SECTION 5.02 Valid and Binding Agreement. This Agreement constitutes and
---------------------------
will constitute the valid and binding obligation of such Shareholder.
SECTION 5.03 Marital Status. Such Shareholder has not commenced an action
--------------
for divorce or annulment of his or her current marriage in any court. Such
Shareholder's Shares are not subject to any lien as security for the payment of
alimony, child support or other award granted in any prior divorce or annulment
proceeding.
SECTION 5.04 Shareholder Agreements. Except the Buy-Sell Agreements among
----------------------
VFAM and the Shareholders which will terminate at Closing, there are no
agreements among or between VFAM and such Shareholder and no agreements between
such Shareholder and any other Shareholder pertaining to VFAM or the VFAM Common
Stock. Except the Buy-Sell Agreements among VFAM and the Shareholders which will
terminate at Closing, such Shareholder does not have (i) any interests in the
property, tangible or intangible, including without limitation, licenses,
inventions, processes, know how or formula of a proprietary nature used in or
pertaining to the business of VFAM, or (ii) any contract, commitment, claim,
arrangement or understanding, including, without limitation loan arrangement,
with VFAM. Such Shareholder does not have any ownership or stock interest in any
other enterprise, firm, corporation, trust or any other entity which is engaged
in any contractual arrangement or understanding with VFAM or is engaged in any
line or lines of business which are the same as, or similar to, or competitive
with, the line or lines of business of VFAM. For the purpose of this
representations, ownership of not more than 3% of the voting stock of any
publicly-held company whose stock is listed on a recognized securities exchange
or traded over-the-counter shall be disregarded.
ARTICLE VI
REPRESENTATIONS AND WARRANTIES OF SBI AND BUYER
As a material inducement to VFAM and the Shareholders to enter into this
Agreement, SBI and Buyer makes the following representations and warranties to
VFAM and the Shareholders:
SECTION 6.01 Organization. Each of SBI and Buyer is a corporation duly
------------
organized, validly existing and in good standing under the laws of the
jurisdiction of its incorporation, and has the corporate power and authority to
carry on its business as presently conducted, to enter into this Agreement, and
the other documents and instruments to be executed and delivered by SBI and
Buyer pursuant hereto and to carry out the transactions contemplated hereby and
thereby.
SECTION 6.02 Authority. The execution and delivery of this Agreement and
---------
the other documents and instruments to be executed and delivered by SBI and
Buyer pursuant hereto and the consummation by SBI and Buyer of the transactions
contemplated hereby have been duly authorized by their respective Board of
Directors. No other corporate act or proceeding on the part of SBI or Buyer is
-23-
necessary to authorize this Agreement, or the other documents and instruments to
be executed and delivered by SBI or Buyer.

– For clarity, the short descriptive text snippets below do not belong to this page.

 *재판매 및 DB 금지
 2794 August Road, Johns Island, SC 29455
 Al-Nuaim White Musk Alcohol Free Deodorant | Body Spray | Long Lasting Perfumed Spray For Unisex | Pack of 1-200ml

SECTION 6.03 Consents and Approvals; No Violation. This Agreement
------------------------------------
constitutes or will constitute valid and binding agreements of SBI and Buyer,
enforceable in accordance with its terms, and except as such enforceability may
be limited by bankruptcy or other similar laws affecting creditors' rights and
remedies generally, neither the execution and delivery of this Agreement, nor
the consummation of the transactions contemplated hereby (i) conflict or result
in a breach of any provision of the Articles of Incorporation or Bylaws of SBI
or Buyer, (ii) result in a violation or breach of, or constitute with or without
due notice or lapse of time or both) a default (or give rise to any right of
termination, amendment, cancellation or acceleration) under, any of the terms,
conditions or provisions of any note, bond, mortgage, indenture, lease, license,
contract, agreement or other instrument or obligation to which Buyer is a party
or by which any of its properties or assets may be bound or (iii) violate any
order, writ, injunction, decree, statute, rule or regulation applicable to SBI
or Buyer or any of its properties or assets. Except as set forth on Schedule
6.03, no permit, authorization, consent or approval of, any court or other
adjudicatory body, administrative agency or commission or other governmental or
regulatory authority or agency is required in connection with the execution,
delivery or performance by SBI or Buyer of this Agreement or the consummation of
the transactions contemplated hereby.
SECTION 6.04 Disclosure. No representation or warranty by SBI or Buyer
----------
contained in this Agreement, and no statement contained in any Exhibit or
Schedule hereto or any lists, certificate or writing delivered in connection
herewith or pursuant hereto contains any untrue statement of a material fact, or
omits to state a material fact necessary in order to make the statements
contained herein or therein not misleading or necessary in order to fully and
fairly provide the information required to be provided in any such document.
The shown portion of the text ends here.